Response: C. elegans can not produce cholesterol by themselves, and the content level of this particular lipid type is very low. As reviewer said, its function is pretty much different compared to that in mammals. It is well documented that fat storage is closely related with fatty acid synthesis, elongation and desaturation. In our study, we focused on the fatty acids profiles changes upon compound treatment. Altered monounsaturated FFAs composition is one of the mode of action of compound 2. This mechanism of action is similar to that of mouse harbors SCD mutation.

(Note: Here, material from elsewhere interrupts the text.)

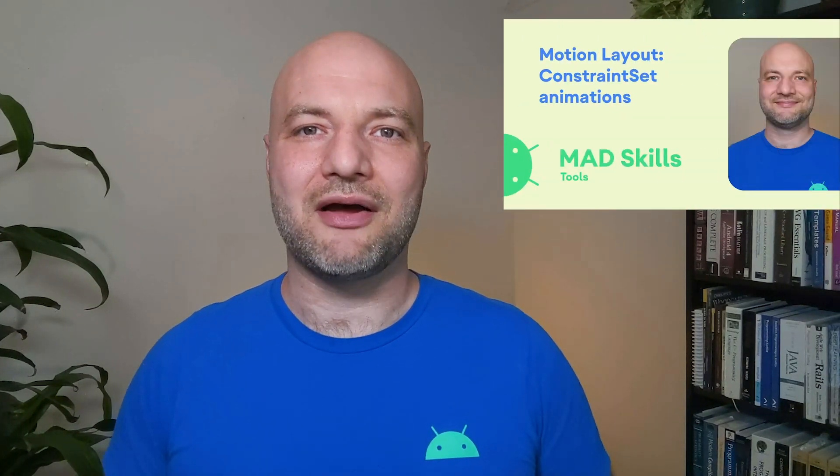If you're new to MotionLayout, be sure to check out the previous episodes first to learn the basics of MotionLayout.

In addition, the core molecular mechanisms to regulate lipid metabolism are well conserved across phyla. In present work, we mainly focus on the mitochondrial β-oxidation rate and the transcriptional level of energy metabolism genes in worms that were treated by compound 2. Additional data to compare the effects of compound 2 between C. elegans and other animals are required after we accumulated sufficient amount of samples by re-isolation of large scale fermentation.

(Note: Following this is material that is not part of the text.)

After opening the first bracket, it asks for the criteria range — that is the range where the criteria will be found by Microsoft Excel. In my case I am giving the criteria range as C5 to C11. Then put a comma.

(4)   Many of the adverse health effects of excess fat accumulation in humans are unlikely to occur in C. elegans. Does the Franesylquinone will have a similar effect?

Response: Mounting evidence indicated that the pathways as well as genes that regulate the energy homeosis is well conserved in C .elegans. In this study, we take advantage of the power of C .elegans genetic tools to dissect the mode of action of compound 2, its in vivo target is FAT-5 which is an ortholog of mammal SCD, mice with SCD deficiency is slimmer. Of all checked phenotypes, only fecundity was influenced by the treatment of compound 2. It decreased the brood size of N2 worms by 24%. The reason for this particular outcome might lie in the fact that the germ-line demands a significant amount of lipid during peak reproduction in C. elegans, while lipid was in short supply in 2-treated worms. Therefore, the lipid flux destined for reproductive system shrank. These data indicated that compound 2 was with low toxicity toward C. elegans. The manuscript provided the primary data to understand the mode of action of franesylquinone to induce the fat reduction. More detail experiments should be designed to test the toxicity and side effects in mammal models in future after we accumulate sufficient amount of compound. This will be reported in additional work.